WHAT IS EXPECTED ::
I would like every line of the records below that contains the word "Light" copied.

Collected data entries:

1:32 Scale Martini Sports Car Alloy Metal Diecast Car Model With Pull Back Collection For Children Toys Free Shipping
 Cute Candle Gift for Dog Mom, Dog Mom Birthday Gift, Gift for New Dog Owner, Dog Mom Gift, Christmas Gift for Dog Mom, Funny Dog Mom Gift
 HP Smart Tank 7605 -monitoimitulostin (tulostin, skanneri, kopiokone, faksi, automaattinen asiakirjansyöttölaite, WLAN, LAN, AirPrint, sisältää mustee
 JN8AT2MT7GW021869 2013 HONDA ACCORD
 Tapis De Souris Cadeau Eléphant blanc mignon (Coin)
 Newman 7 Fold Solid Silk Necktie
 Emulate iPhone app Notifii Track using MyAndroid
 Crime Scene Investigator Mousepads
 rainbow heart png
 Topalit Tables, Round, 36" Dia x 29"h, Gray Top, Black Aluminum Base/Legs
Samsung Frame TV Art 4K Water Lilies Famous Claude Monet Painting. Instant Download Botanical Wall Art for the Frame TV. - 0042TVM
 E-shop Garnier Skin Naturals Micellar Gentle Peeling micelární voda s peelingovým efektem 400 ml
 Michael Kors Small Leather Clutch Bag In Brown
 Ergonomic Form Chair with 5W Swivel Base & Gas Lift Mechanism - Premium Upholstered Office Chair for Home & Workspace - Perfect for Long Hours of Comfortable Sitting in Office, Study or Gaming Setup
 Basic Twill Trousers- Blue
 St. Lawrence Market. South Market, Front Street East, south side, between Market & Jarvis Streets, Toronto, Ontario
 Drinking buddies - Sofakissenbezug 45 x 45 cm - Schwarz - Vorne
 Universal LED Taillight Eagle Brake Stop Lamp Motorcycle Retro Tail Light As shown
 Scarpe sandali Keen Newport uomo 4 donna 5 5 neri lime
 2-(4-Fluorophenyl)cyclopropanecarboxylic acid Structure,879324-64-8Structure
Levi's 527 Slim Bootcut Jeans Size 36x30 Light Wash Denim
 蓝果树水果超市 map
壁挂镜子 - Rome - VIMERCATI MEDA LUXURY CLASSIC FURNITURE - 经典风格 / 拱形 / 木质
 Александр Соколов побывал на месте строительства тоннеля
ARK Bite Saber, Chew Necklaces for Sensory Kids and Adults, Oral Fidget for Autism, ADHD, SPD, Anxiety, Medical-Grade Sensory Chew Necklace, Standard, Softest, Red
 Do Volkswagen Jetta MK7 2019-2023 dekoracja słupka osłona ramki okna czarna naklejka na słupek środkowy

THE COMPLETED TASK ::
 Universal LED Taillight Eagle Brake Stop Lamp Motorcycle Retro Tail Light As shown
Levi's 527 Slim Bootcut Jeans Size 36x30 Light Wash Denim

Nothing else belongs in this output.